Release Notes

Version 0.8.0

A new feature assignment strategy has been added: assignment to 3'-ends (threeputr). This strategy is only appropriate if one has 3'-end sequencing data (e.g., if you used the popular Quant-seq SLAM-seq kit).

This strategy can be run in two different ways:

User provides an annotation file (GTF) that includes features of type "3UTR", and assignment is done to these annotated 3'UTRs. The GTF must also contain a column called "utr_id" assigning an alphanumeric ID to each 3'-UTR.
A 3'-UTR annotation is generated de novo using the user's 3'-end sequencing data.

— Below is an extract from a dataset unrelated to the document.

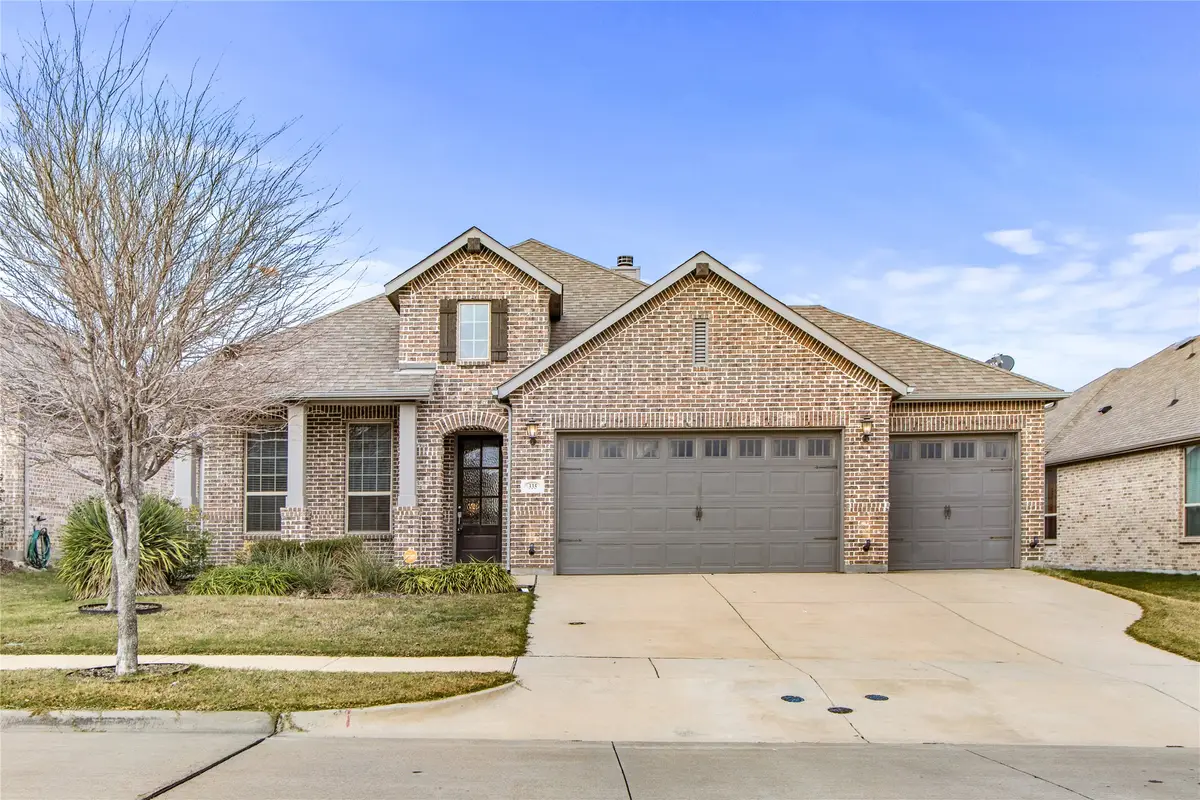 335 Country Meadows Boulevard, Waxahachie, TX 75165 - Image #1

For de novo calling, 3'-ends are called with single nucleotide resolution from aligned reads, and these are clustered into called 3'-ends. Parameters in the config file control post-hoc filtering of these to remove 1) unannotated 3'-ends near polyA stretches that are likely instances of mispriming and 2) unannotated 3'-ends not near a cleavage consensus motif (AAUAAA). Alternatively, users can choose to filter out all called 3'-end clusters that don't overlap an annotated final exon.

Version 0.7.6

Small bug fix where an added space in the fastq file path name when downloading from the SRA would break SLURM profiles

Version 0.7.5

Some quick bug fixes:

Fixed list index errors plaguing the no trimming route
Allow fastq files to have .fq or .fastq extensions (.fastq was previously only extension allowed). Files can of course be gzipped

Version 0.7.4

Some small bug fixes:

If A-to-T mutations are tracked, DuckDB would throw an error due to the AT column of the counts file being interpreted as a SQL term.
Sometimes, DuckDB's auto-type-detection would fail for the mutation counts csv file, with the FR column (a string) being misparsed as a boolean. This is now fixed.

Version 0.7.3

Some small bug fixes/improvements:

Using template-coordinate sorting to reduce disk space usage when setting mutpos: True.
Fix bug in merge_features_and_muts when no features are set to True.
Small version change in environment to make bam2bakR fully ARM64 compatible (alignment with STAR will not be though in order to address Issue #38).

Version 0.7.2

Now fully Mac-OS compatible (had to remove one linux-specific dependency that i added a while back for the mutpos branch). Might also be ARM compatible now, but if not users can install Rosetta and run within a Rosetta terminal (see #38).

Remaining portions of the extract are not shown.